[Records contained in a dataset]
⟨

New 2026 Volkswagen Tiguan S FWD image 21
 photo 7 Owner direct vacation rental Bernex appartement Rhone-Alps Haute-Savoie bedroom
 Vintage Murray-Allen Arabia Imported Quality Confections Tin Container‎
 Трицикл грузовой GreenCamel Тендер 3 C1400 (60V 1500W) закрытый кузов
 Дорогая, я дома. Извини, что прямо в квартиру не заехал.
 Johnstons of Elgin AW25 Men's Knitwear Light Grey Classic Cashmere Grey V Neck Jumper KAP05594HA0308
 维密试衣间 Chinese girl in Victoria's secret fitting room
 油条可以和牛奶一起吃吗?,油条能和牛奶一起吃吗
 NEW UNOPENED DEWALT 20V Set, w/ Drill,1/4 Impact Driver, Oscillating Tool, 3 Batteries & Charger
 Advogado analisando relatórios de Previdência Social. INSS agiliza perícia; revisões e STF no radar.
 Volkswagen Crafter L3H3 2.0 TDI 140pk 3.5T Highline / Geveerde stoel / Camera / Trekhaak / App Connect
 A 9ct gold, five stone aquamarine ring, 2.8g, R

⟩

TASK GOAL: None of the lines before the one containing "维密试衣间 Chinese girl" belong in the answer; reproduce that line and all later lines of the records exactly.

RESPONSE BOX:
 维密试衣间 Chinese girl in Victoria's secret fitting room
 油条可以和牛奶一起吃吗?,油条能和牛奶一起吃吗
 NEW UNOPENED DEWALT 20V Set, w/ Drill,1/4 Impact Driver, Oscillating Tool, 3 Batteries & Charger
 Advogado analisando relatórios de Previdência Social. INSS agiliza perícia; revisões e STF no radar.
 Volkswagen Crafter L3H3 2.0 TDI 140pk 3.5T Highline / Geveerde stoel / Camera / Trekhaak / App Connect
 A 9ct gold, five stone aquamarine ring, 2.8g, R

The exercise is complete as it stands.